15. OKR drafting for the HR function. Prompt: "Draft a set of OKRs for the HR function at a 200-person B2B software company in Q2 2026. Objectives should cover: talent acquisition, employee retention, HR process efficiency, and manager effectiveness. Each objective should have 3-4 key results that are specific, measurable and time-bound. The OKRs should reflect an HR function transitioning from primarily administrative to strategic."
AI-Powered Job Posting in Treegarden
Treegarden's built-in AI drafts job descriptions from a brief role summary, generates tailored interview question banks per competency, and suggests candidate communication templates for every stage of the hiring pipeline. Unlike general-purpose ChatGPT use, Treegarden's AI has context about the role, the hiring pipeline stage and your organization's settings — producing outputs that are ready to use without additional context-setting in each prompt.
Frequently asked questions about ChatGPT for HR
Is ChatGPT reliable for HR use cases?
ChatGPT is reliable as a drafting and communication tool for HR use cases that require human review before use. It excels at generating first drafts, suggesting structural options, summarizing documents and rewriting content at different levels. It should not be used as the final authority on employment law, compliance requirements or compensation benchmarks without verification. The principle is: ChatGPT as a skilled first drafter, human expert as the reviewer and approver.

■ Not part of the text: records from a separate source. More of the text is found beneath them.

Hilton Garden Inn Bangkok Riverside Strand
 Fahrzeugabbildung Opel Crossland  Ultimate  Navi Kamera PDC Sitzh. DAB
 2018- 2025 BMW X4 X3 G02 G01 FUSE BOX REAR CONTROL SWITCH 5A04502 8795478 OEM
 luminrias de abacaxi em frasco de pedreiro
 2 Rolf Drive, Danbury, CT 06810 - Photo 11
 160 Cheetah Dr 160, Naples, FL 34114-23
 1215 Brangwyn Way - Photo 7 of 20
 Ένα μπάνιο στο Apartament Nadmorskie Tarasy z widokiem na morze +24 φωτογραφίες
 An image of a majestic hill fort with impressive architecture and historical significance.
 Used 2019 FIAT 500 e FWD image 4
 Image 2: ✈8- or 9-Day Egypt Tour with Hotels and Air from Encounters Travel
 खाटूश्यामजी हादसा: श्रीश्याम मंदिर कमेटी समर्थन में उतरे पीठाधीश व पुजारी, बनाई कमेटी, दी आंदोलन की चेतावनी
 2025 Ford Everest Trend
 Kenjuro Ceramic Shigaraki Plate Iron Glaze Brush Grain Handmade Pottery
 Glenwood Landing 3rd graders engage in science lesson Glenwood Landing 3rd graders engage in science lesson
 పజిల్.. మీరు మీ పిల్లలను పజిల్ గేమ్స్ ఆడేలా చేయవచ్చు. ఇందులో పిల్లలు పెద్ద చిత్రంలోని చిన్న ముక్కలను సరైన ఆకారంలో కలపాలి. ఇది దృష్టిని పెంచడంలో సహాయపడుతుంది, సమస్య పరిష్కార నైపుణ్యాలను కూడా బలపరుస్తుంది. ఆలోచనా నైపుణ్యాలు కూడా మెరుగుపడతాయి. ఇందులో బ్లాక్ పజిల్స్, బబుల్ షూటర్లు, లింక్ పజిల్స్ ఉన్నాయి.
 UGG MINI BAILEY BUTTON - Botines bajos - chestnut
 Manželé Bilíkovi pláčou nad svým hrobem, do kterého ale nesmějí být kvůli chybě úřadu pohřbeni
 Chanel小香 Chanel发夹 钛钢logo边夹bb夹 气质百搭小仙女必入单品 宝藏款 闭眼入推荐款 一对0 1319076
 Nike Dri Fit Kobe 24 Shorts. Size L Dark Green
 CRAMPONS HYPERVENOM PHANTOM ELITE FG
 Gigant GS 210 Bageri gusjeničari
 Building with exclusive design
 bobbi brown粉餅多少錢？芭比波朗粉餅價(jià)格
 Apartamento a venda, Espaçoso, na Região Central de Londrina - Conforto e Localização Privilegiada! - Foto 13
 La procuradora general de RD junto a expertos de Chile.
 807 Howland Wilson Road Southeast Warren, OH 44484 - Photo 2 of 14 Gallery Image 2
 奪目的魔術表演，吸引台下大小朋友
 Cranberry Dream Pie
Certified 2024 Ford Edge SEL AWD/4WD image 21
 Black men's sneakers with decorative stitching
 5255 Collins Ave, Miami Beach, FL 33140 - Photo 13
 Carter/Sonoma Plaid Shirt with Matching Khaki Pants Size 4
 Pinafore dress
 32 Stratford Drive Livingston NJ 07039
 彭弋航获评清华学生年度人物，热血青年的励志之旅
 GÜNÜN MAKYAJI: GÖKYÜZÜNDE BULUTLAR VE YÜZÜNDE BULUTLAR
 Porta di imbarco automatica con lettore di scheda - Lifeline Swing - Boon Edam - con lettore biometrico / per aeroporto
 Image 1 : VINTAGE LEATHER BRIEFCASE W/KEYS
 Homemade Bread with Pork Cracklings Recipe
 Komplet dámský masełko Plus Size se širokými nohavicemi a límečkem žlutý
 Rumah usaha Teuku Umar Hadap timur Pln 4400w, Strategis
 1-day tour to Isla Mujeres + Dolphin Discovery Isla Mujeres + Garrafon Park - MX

Can ChatGPT write legally compliant job descriptions?
ChatGPT can write job descriptions that follow best practices for structure, clarity and inclusive language — but it cannot guarantee legal compliance with jurisdiction-specific requirements. US employers must ensure job descriptions meet ADA requirements and don't contain requirements that create disparate impact without business justification. ChatGPT-generated job descriptions should be reviewed by HR or legal counsel before posting.
What HR tasks is ChatGPT not suitable for?
ChatGPT should not be used for tasks requiring current jurisdiction-specific legal advice, analysis of confidential employee data without privacy controls, final hiring decisions, or sensitive employee communications like terminations and performance improvement plans. These tasks require human judgment, current expertise and accountability that a language model cannot provide.
How do you write effective HR prompts for ChatGPT?
Effective HR prompts provide context, constraints and an example of the desired output format. Specify the role, industry, seniority level, key responsibilities and desired length. The more specific the context in the prompt, the less editing the output will require. Always specify the audience and tone — "write for a candidate with 5 years of SaaS sales experience" produces different output than "write a job posting" alone.
Does using ChatGPT for HR tasks raise GDPR concerns?
Yes. Inputting personally identifiable information about candidates or employees into ChatGPT without a data processing agreement raises GDPR compliance concerns. HR teams should use ChatGPT for drafting tasks with anonymized or hypothetical data, and configure enterprise API access with a data processing agreement if they need to process real personal data through AI tools.